→ WHAT NEEDS TO BE DONE
For the entries that follow, restate word for word the line containing "Building Photo - 364 Rio Grande Ct", the line containing "Máquina de costura", and every line that lies between them.

GIVEN DATA Block Start

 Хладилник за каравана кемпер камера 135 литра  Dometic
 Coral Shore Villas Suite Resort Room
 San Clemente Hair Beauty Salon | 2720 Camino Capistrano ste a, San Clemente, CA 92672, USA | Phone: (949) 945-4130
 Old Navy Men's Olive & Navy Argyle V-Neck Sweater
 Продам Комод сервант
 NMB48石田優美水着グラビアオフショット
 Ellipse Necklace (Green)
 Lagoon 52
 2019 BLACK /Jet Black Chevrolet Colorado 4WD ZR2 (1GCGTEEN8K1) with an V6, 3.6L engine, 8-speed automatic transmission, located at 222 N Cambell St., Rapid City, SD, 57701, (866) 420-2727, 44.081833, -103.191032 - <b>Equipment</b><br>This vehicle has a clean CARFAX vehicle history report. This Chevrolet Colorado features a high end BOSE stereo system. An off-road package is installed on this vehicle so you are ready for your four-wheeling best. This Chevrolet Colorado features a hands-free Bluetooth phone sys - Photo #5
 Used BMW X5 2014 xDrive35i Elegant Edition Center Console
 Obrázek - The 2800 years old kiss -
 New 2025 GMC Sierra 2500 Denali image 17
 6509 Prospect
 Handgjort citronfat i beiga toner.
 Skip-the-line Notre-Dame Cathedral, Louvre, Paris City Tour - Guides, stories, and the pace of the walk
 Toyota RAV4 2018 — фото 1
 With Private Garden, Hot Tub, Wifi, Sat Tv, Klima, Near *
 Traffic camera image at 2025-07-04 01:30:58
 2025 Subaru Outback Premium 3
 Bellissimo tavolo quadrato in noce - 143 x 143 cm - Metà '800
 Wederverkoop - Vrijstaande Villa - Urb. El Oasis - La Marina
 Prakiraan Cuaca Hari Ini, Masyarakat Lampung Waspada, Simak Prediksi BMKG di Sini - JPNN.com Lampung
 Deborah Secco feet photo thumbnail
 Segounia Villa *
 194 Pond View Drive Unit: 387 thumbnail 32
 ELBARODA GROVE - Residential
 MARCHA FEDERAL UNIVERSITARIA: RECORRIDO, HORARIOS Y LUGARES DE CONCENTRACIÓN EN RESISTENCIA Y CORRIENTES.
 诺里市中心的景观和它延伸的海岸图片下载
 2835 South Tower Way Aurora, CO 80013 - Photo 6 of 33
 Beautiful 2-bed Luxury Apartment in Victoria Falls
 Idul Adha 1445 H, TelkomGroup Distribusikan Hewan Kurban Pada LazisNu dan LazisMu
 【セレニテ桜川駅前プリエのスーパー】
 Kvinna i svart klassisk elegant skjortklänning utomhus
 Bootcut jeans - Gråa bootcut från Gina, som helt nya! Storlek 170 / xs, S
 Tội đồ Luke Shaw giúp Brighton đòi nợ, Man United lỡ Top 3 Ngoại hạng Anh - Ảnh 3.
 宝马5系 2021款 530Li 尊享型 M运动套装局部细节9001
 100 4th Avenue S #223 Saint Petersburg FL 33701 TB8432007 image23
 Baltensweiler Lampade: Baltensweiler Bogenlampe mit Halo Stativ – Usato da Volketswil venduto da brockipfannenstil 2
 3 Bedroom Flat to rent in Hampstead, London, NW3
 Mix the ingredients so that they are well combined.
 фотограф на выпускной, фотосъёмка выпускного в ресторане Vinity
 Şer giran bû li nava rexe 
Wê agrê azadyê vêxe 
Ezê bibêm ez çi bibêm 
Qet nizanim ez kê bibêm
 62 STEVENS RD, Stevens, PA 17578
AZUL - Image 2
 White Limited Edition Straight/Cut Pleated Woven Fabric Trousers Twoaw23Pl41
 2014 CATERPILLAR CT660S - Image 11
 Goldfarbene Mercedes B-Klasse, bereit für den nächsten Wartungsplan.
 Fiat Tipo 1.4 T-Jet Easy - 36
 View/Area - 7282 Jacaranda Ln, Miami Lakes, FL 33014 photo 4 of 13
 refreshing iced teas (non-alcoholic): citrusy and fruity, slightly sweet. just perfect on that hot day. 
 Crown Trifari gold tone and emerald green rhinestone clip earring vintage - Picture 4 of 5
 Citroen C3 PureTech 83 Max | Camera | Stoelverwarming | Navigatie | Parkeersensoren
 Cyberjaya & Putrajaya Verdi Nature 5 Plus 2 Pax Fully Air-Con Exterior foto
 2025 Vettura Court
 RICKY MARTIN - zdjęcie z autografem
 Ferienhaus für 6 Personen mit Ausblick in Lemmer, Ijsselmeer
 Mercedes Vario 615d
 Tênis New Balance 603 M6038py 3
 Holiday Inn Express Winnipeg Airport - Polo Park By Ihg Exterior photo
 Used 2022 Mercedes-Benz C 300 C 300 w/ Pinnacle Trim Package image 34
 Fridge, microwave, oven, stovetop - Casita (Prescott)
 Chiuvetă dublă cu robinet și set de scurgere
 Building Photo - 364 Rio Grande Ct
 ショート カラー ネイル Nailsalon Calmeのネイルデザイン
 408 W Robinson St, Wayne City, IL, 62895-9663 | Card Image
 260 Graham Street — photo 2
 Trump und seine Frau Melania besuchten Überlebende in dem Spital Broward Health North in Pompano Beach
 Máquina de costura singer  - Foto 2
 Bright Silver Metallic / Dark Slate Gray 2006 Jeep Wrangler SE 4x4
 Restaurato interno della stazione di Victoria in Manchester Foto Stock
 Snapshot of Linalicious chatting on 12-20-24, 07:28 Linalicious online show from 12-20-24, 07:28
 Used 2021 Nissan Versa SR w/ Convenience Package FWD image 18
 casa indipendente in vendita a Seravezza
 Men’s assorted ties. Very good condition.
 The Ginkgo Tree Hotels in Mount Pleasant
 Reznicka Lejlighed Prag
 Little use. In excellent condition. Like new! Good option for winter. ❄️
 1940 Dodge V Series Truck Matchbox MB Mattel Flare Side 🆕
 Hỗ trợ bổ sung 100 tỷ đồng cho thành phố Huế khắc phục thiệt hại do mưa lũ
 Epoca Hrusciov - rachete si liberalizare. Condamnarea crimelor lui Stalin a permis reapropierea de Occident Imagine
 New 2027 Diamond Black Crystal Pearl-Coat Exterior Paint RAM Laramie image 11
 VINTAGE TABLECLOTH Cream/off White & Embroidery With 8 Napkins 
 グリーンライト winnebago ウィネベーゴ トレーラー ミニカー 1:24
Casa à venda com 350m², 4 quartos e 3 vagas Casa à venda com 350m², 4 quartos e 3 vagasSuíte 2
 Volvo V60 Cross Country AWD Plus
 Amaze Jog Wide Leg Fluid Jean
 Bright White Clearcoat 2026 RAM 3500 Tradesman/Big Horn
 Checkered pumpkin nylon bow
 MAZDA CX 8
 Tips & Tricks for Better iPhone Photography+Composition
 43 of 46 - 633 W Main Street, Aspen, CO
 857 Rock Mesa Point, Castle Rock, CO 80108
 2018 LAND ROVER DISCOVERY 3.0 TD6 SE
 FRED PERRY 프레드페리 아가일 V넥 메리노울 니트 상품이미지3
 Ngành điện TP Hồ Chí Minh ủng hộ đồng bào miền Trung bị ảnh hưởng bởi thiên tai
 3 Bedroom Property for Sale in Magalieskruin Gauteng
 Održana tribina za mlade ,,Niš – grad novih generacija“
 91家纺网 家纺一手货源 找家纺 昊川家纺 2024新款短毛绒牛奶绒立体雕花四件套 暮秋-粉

GIVEN DATA Block End

→ ANSWER FOR THIS EXERCISE
 Building Photo - 364 Rio Grande Ct
 ショート カラー ネイル Nailsalon Calmeのネイルデザイン
 408 W Robinson St, Wayne City, IL, 62895-9663 | Card Image
 260 Graham Street — photo 2
 Trump und seine Frau Melania besuchten Überlebende in dem Spital Broward Health North in Pompano Beach
 Máquina de costura singer  - Foto 2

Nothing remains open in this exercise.